C’est au Flow, Centre Euro régional des cultures urbaines, situé 1 rue de Fontenoy à Lille qu’a eu lieu le Vendredi 21 Septembre, l’apéro conférence dans le cadre du Festival Expériences Urbaines-Xu. L’apéro-conférence a été réalisée en lien avec l’association LOUD’HER qui a pour objet d’œuvrer à plus de présence et de visibilité des femmes dans les musiques actuelles. C’est avec un immense plaisir que nous sommes allés à la rencontre de Keivan Djavadzade, docteur en science politique et membre du Centre de Recherches Sociologiques et Politiques de Paris, qui a accepté de nous apporter quelques éléments de réponses à nos questionnements. C’est parti !
Circonflex Mag : Le rap a-t-il toujours été comme aujourd’hui ?
Keivan Djavadzade : « Quel que soit notre intérêt pour ce genre musical, nous nous sommes tous un jour interrogés sur la présence féminine dans le rap. Depuis les années 1990 jusqu’à nos jours, le rap est un domaine principalement masculin : Booba, Kaaris, Lil Wayne, vous connaissez très certainement ces rappeurs qui ont un énorme succès dans notre époque actuelle. Saviez-vous que dans les années 1980-1990, les hommes se servaient du rap principalement pour dénoncer les violences policières ? Les femmes, elles, dénonçait surtout les violences sexuelles. Aujourd’hui on est bien loin de tout ça, car drogue, violence, argent et pouvoir sont les thèmes préférés des rappeurs de nos jours ; domaine dans lequel les femmes se font rares mais tentent tout de même de trouver leur place. »
Nous savons que le rap est un univers dans lequel les femmes restent minoritaires, et leur légitimité, contestée.

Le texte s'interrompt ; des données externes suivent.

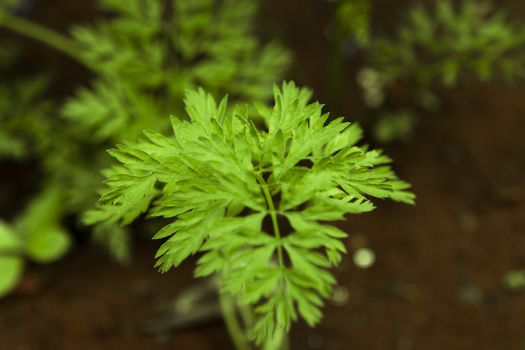 a young carrot plant sprouting out of soil shot with shallow depth of field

Pourquoi ?
Les femmes seraient moins authentiques. C’est malheureusement une des raisons principales qui serait à l’origine de leur difficulté à s’imposer dans ce monde très fermé. Si nous effectuons un bon en arrière dans le temps, nous parlons de la « jeunesse main Stream » : le rap était en effet destiné à une population blanche de classe moyenne. Les rappeurs, souvent issus de la communauté afro américaine, souhaitaient montrer les difficultés de leurs vies quotidiennes : les violences, la vie dans le ghetto. Ce sont donc les rappeurs qui illustrent mieux cet aspect du rap, les femmes, elles, ne sont pas assez prises au sérieux. »
Cette sous-représentation féminine dans le rap prête à la réflexion et soulève de nombreuses questions : ce genre musical est-t-il réellement plus sexiste que le reste de la société ?
Le sexisme dans la culture rap, ce n’est pas un mythe… Ce n’est pas une nouveauté, les femmes ont toujours été et sont toujours minoritaires dans le domaine du rap. Les femmes sont souvent dépendantes d’un artiste de sexe masculin qui a plus de succès qu’elle. En effet, on peut parfois remarquer que lorsqu’une rappeuse réussie enfin à se faire un nom dans le milieu du rap, se cache derrière un « mentor » qui accepte de la prendre sous son aile. Celles-ci se font d’ailleurs bien souvent « repérer », ce qui leurs laisse peu de chance de construire leur carrière grâce à leur réel talent. Leur succès se fait généralement sur courte durée, ce qui rend ce métier encore moins accessible pour les femmes, qui sont considérées comme un investissement plus risqué dans l’industrie musicale. »
Quelles stratégies mettent-elles en place pour négocier leur place au sein de l’industrie musicale ?
Aujourd’hui, notamment grâce aux réseaux sociaux, les femmes rappeuses s’efforcent de créer une cohésion avec leurs fans comme Nicki Minaj, très proche de sa communauté via Instagram et Twitter. Elles se soutiennent également mutuellement entre elles. C’est en effet un point essentiel à la survie des femmes dans ce domaine qui est impitoyable. Malgré les controverses tout à fait discutables, comme la figure de la femme noire hyper sexualisée et soumise par exemple, les rappeuses se revendiquent souvent comme féministes, souhaitant inciter les femmes à assumer leur corps, leurs formes et leurs sexualités, bref, à se libérer de toutes ces normes que la société nous impose. Il était temps ! »
Selon-vous, quel est l’avenir des femmes dans le milieu du rap ?
Les femmes ne doivent plus se laisser marcher sur les pattes. C’est à elles que l’avenir appartient désormais, il faut que les choses changent. La place de la femme dans le rap reste tout de même minoritaire aujourd’hui et ce depuis des années. Cependant, celles-ci se battent pour acquérir leur indépendance et leur place dans ce milieu à dominante masculine, chose qui n’a pas toujours été facile.